New technologies attract young workers and alleviate many of the challenges the water industry faces. Remote access, in particular, helps organizations to modernize and bring operational change, create flexibility among schedules, and reduce the amount of time workers spend on-site. For Generation Z, remote access makes the water and wastewater industry more technologically savvy, and sophisticated. While older generations of workers might experience a learning curve when adapting to newer technologies, younger generations can pick them up rapidly.
Retaining Existing Workers
The importance of quality of life
Most utilities require operators to remain on-site 24/7. Working long hours, in potentially dangerous conditions, and sometimes in inclement weather, can lead to rapid burn out. Working late shifts can impair sleep patterns, overall health, and quality of life.
In the United States, nearly 15 million Americans work a permanent night shift or regularly rotate in and out of night shifts. The impact of working late hours on the body can be dangerous. Operators who consistently work at night disrupt their circadian rhythms—the 24-hour cycle part of the body's internal clock, that tells you when to sleep, and when to wake up. The associated fatigue can increase the risk of injury, and also impair cognitive abilities and reflexes, mood, and increase the body's susceptibility to disease.
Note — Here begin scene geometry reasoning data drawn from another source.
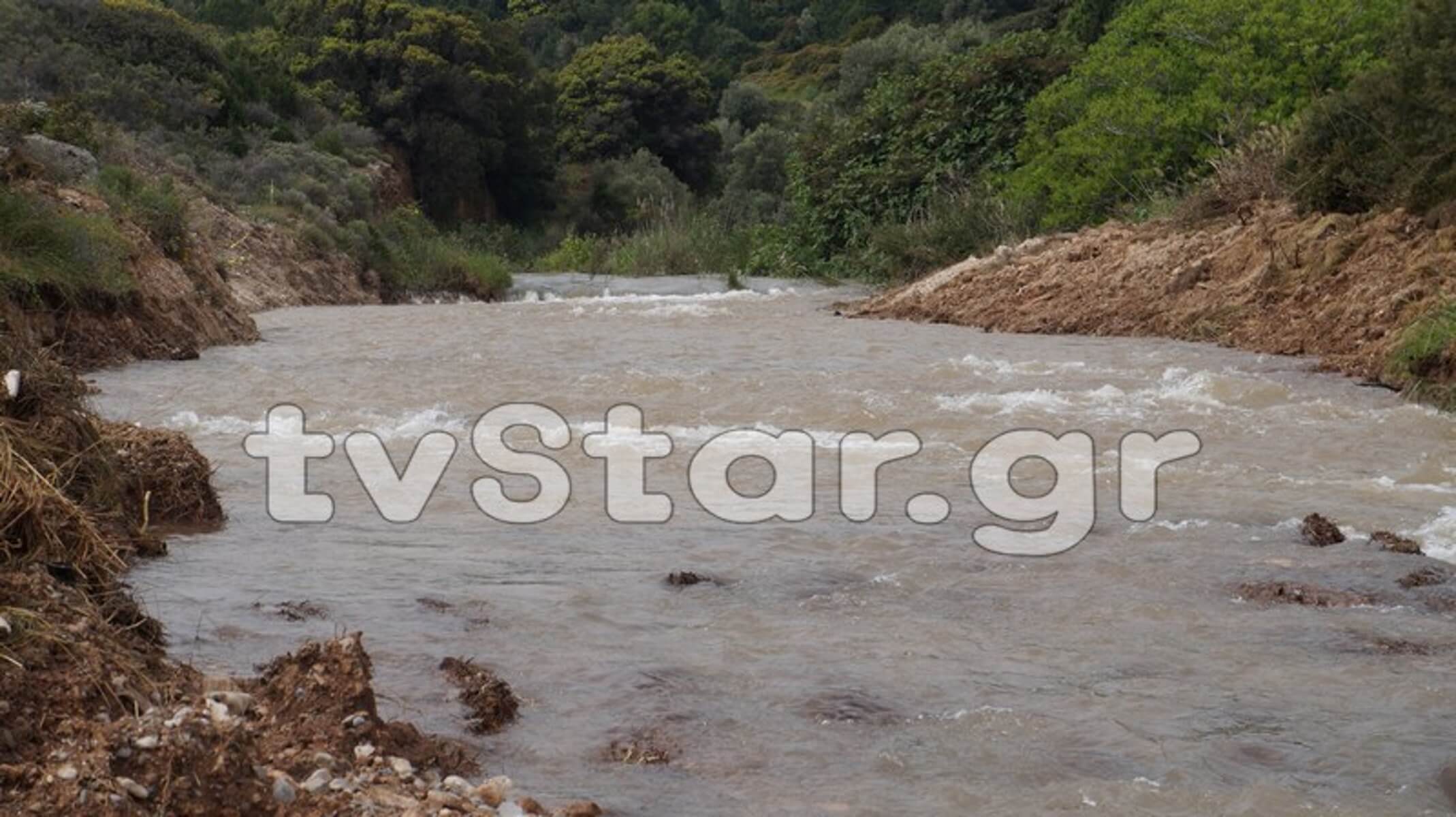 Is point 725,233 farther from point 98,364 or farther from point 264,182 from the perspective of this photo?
point 98,364

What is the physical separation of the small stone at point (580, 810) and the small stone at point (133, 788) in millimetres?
925

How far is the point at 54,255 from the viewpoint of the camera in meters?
→ 13.7

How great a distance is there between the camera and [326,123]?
39.7 metres

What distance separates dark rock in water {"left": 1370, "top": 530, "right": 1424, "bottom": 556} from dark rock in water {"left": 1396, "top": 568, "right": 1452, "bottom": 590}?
340 millimetres

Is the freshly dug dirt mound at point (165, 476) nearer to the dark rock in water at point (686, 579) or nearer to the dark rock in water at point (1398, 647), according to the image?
the dark rock in water at point (686, 579)

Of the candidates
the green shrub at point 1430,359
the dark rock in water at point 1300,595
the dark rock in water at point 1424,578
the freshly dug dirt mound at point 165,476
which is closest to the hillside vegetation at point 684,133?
the green shrub at point 1430,359

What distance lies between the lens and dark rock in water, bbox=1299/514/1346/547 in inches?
273

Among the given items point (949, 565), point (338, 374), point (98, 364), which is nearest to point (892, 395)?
point (338, 374)

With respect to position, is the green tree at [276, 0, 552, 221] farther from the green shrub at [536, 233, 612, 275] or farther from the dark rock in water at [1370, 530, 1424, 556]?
the dark rock in water at [1370, 530, 1424, 556]

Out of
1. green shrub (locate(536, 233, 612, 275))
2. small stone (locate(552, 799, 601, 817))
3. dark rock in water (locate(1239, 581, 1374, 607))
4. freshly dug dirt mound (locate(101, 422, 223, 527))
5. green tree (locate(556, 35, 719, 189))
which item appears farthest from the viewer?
green tree (locate(556, 35, 719, 189))

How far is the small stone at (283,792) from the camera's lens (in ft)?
12.0

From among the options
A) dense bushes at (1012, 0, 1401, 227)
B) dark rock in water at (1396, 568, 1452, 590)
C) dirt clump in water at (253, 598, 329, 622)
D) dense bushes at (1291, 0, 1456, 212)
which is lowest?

How to improve operator happiness
Preventing high worker turnover boils down to ensuring operator happiness. To retain existing workers, water and wastewater plants must prevent operators from experiencing negative health impacts, and increase their quality of life and job satisfaction. One method is to reduce the amount of time operators spend on-site, working late hours.
Remote access lets operators address problems instantly—from afar. If they need to tend to a pump in the middle of the night, they can access equipment via phone or computer, without leaving their home. If your plant requires some operators to remain on-site at all times, remote access helps your team accomplish more work with fewer people, reducing the number of workers who operate late-night shifts. With fewer operators on-site during undesirable hours, you reduce the risk of burnout and increase your workers' overall job satisfaction and quality of life.
Where to Go From Here
If your utility has not already begun to consider ways to attract and retain workers, you need to plan out how and where to spend money to prevent your facilities from becoming short-staffed. Take the time to evaluate how to improve the quality of life of existing workers, and plan for how to attract a new workforce as well. You may find that implementing a technology such as remote access will provide an effective solution to help mitigate the impending workforce shortage.